3. Working in it, not on it. In new churches especially, the work comes at a fast a furious pace. You had months to plan your first service, but only six days to plan the next. You’re starting things, launching things, meeting with people, and operating week-to-week. While some of this is necessary, if you never back up to evaluate and create systems, then you’re going to stay stuck in the hamster wheel of ministry. New churches must work on the organization, create processes, and develop healthy systems. We’ve got to stop reacting to this week’s problem and implement a long-term strategy. For what it’s worth, this is why I’m investing a ton of time into launching six core resources that will jump start or refresh healthy systems in your church.

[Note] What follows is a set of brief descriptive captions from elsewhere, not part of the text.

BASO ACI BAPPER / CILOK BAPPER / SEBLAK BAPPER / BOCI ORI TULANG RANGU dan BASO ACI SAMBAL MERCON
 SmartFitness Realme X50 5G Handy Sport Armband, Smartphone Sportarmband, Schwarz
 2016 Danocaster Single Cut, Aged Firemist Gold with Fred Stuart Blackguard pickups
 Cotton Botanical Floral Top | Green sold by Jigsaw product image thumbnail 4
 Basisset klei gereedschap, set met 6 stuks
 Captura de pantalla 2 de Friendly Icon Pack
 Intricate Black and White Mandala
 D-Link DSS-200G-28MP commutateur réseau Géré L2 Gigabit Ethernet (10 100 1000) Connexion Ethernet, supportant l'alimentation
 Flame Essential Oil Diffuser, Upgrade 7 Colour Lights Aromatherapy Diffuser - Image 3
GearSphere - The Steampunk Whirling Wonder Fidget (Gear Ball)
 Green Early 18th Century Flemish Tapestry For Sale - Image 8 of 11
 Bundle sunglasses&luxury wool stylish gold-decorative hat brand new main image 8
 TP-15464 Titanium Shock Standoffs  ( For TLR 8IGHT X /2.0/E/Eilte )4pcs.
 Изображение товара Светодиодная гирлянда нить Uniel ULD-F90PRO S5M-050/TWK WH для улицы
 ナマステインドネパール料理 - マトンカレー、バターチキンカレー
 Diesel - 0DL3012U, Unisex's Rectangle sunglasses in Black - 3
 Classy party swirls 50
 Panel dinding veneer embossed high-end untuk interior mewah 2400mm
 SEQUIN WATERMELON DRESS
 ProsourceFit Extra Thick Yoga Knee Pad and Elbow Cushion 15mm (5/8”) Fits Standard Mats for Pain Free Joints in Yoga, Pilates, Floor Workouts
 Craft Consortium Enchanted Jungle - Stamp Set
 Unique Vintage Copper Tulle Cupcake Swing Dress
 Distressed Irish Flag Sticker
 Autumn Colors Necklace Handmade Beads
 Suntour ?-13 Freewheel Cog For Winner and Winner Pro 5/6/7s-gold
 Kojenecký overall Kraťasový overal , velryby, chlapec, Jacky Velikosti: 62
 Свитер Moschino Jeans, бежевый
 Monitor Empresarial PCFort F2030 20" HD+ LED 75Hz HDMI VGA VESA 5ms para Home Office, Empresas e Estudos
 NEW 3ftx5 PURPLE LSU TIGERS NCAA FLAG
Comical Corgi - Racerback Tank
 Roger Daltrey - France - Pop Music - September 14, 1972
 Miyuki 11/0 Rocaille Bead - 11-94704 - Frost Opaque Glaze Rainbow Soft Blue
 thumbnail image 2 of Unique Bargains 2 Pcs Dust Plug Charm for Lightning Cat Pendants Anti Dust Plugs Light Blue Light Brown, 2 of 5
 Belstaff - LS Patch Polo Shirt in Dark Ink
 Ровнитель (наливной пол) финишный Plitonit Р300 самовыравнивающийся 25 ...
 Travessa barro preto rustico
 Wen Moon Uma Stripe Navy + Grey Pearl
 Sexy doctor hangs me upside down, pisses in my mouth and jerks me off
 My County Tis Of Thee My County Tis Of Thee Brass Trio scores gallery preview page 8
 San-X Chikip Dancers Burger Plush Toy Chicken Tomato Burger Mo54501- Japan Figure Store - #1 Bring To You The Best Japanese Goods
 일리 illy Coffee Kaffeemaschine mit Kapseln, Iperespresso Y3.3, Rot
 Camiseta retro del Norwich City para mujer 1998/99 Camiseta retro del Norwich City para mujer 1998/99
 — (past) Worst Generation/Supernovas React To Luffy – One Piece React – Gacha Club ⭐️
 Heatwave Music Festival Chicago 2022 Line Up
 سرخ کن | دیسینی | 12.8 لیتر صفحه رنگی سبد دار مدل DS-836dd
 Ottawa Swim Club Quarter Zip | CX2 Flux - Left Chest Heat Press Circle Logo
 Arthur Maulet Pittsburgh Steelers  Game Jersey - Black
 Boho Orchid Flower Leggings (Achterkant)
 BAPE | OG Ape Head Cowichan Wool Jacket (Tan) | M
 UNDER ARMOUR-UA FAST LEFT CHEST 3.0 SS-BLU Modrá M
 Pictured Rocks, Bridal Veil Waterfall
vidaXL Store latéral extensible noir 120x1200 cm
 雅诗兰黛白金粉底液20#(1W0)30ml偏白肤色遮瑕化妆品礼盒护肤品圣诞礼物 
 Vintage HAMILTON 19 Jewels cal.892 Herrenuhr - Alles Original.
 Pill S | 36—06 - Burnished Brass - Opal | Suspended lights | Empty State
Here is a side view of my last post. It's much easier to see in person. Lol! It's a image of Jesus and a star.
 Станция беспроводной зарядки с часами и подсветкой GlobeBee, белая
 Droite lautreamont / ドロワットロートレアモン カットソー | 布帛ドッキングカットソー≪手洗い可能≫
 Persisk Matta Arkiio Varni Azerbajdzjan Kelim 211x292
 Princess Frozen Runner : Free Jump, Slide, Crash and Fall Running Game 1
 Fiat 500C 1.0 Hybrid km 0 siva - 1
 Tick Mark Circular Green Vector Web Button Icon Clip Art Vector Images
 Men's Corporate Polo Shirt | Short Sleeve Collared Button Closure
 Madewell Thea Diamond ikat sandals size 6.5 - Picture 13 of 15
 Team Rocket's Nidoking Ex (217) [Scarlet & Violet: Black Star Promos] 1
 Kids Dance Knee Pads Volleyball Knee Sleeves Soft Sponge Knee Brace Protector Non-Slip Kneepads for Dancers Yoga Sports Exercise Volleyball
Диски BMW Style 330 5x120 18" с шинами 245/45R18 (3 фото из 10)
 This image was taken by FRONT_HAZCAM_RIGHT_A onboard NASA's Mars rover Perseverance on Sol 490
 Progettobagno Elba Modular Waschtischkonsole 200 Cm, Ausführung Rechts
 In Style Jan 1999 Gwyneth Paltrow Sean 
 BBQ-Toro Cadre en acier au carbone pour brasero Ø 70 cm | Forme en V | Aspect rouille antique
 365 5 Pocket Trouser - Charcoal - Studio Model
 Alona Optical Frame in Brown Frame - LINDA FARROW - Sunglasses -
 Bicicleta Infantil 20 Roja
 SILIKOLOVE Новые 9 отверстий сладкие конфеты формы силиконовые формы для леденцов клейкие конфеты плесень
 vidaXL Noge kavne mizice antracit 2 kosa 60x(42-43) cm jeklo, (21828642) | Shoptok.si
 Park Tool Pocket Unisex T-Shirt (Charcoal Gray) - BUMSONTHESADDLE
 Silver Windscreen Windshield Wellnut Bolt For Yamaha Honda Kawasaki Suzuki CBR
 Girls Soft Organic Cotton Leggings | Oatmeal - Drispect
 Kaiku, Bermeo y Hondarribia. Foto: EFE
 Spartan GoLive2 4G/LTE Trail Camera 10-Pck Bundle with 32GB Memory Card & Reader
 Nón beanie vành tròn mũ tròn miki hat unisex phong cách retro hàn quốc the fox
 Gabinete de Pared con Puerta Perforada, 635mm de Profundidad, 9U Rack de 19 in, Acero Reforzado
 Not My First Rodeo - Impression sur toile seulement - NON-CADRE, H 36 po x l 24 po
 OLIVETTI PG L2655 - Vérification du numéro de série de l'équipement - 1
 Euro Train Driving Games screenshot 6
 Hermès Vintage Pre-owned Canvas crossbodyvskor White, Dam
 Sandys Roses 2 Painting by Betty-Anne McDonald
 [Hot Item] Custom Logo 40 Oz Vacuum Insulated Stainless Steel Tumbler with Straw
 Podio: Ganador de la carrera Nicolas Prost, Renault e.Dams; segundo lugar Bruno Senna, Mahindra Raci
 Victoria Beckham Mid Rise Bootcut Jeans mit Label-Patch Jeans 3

These are just three of the issues young churches (and established churches, for that matter) will face. Do you agree? What would you add to the list?
I gotta admit, I've seen each of these at work in my own ministry with Cobblestone these last eleven years. He's right. So...what do you think? Agree, disagree? Add, subtract?


  1. Bob, I don't know enough about Cobblestone yet to comment on specifics but there is a great deal of common sense in his comments and I would say many churches have gotten bogged down in the humanity these points represent. But my first reaction in reading those is 'where is God in all of that?'. I believe in what Blackaby says about planning 'God-sized' plans, and the power of Cymbala's "Fresh-wind, Fresh fire" and building an internal structure like "The Purpose Driven Church", all things that give God room to work. Am I just too idealistic? -Mary Bracey

  2. Mary, I don't think you're too idealistic at all! I think you're dead on. To answer the "Where is God" question, I think he's in each of those points. Most church planters/pastors/leadership teams don't make the above mistakes as a result of waiting on God and pursuing HIS vision passionately, but the opposite: we tend to pursue OUR plans and lead according to OUR desires (e.g., our desire to be liked and please people)....the ONLY effective way to lead a church is what you describe, and that is to wait on and pursue God's plans wholeheartedly.

  3. Oh, and especially, THANKS SO MUCH for commenting!